Exercise details
Give back every entry exactly as it is written, but not the pictures.

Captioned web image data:
————————

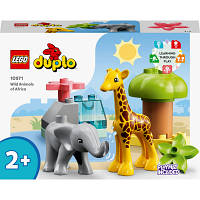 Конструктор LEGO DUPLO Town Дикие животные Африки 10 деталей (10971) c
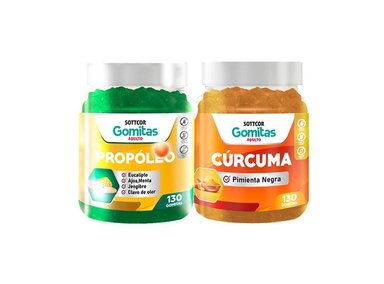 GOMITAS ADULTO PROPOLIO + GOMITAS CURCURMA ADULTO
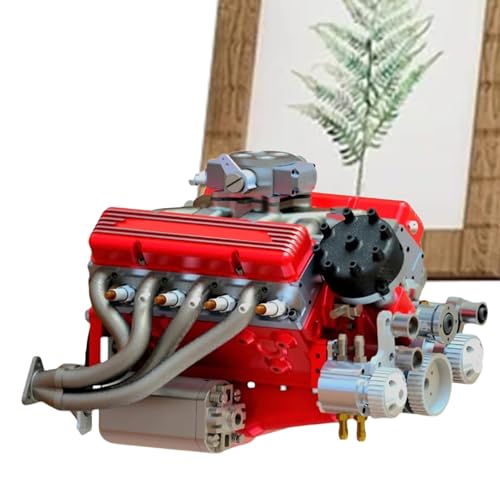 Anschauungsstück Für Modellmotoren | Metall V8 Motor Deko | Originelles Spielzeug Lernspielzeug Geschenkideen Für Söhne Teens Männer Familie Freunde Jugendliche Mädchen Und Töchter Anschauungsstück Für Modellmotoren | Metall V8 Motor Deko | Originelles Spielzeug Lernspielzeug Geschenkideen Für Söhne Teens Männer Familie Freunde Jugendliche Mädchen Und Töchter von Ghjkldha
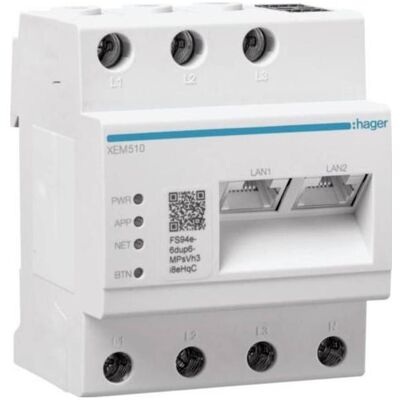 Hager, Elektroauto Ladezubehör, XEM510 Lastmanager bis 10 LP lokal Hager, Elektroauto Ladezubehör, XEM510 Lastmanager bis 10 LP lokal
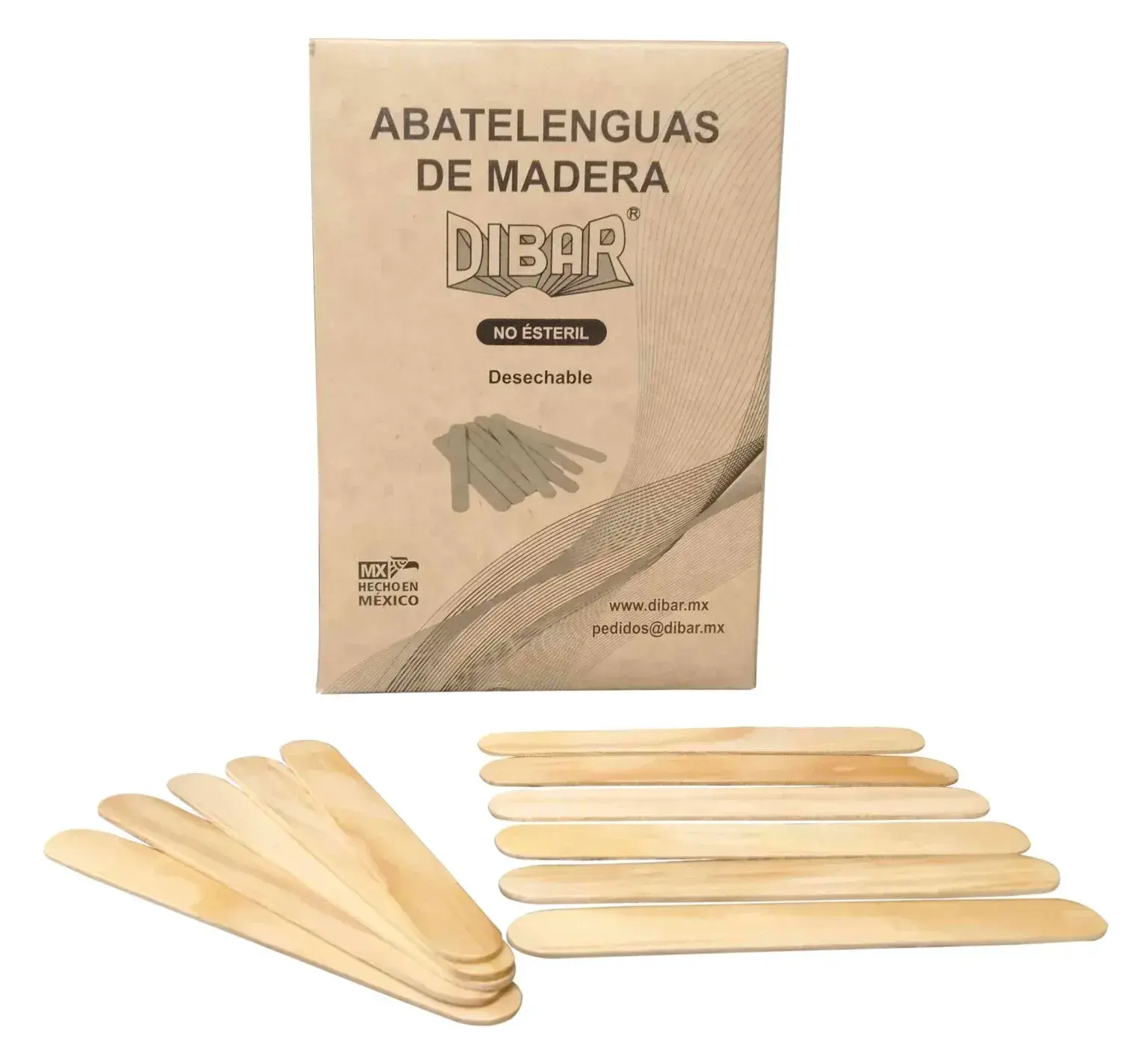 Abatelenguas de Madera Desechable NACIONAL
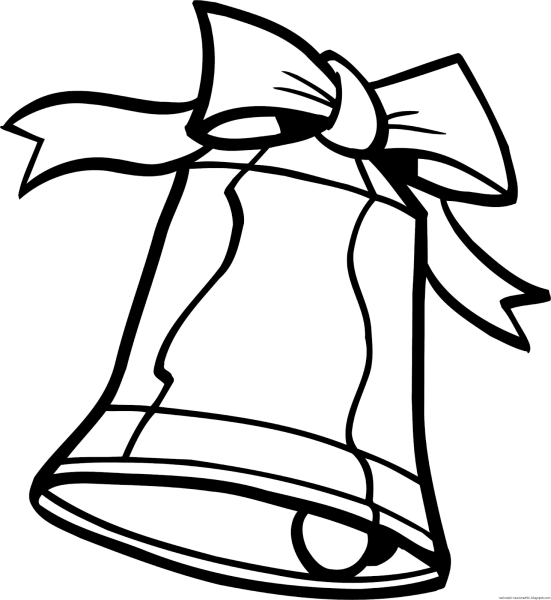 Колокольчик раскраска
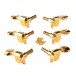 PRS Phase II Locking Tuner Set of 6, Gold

————————

Answer to this task
 Конструктор LEGO DUPLO Town Дикие животные Африки 10 деталей (10971) c
 GOMITAS ADULTO PROPOLIO + GOMITAS CURCURMA ADULTO
 Anschauungsstück Für Modellmotoren | Metall V8 Motor Deko | Originelles Spielzeug Lernspielzeug Geschenkideen Für Söhne Teens Männer Familie Freunde Jugendliche Mädchen Und Töchter Anschauungsstück Für Modellmotoren | Metall V8 Motor Deko | Originelles Spielzeug Lernspielzeug Geschenkideen Für Söhne Teens Männer Familie Freunde Jugendliche Mädchen Und Töchter von Ghjkldha
 Hager, Elektroauto Ladezubehör, XEM510 Lastmanager bis 10 LP lokal Hager, Elektroauto Ladezubehör, XEM510 Lastmanager bis 10 LP lokal
 Abatelenguas de Madera Desechable NACIONAL
 Колокольчик раскраска
 PRS Phase II Locking Tuner Set of 6, Gold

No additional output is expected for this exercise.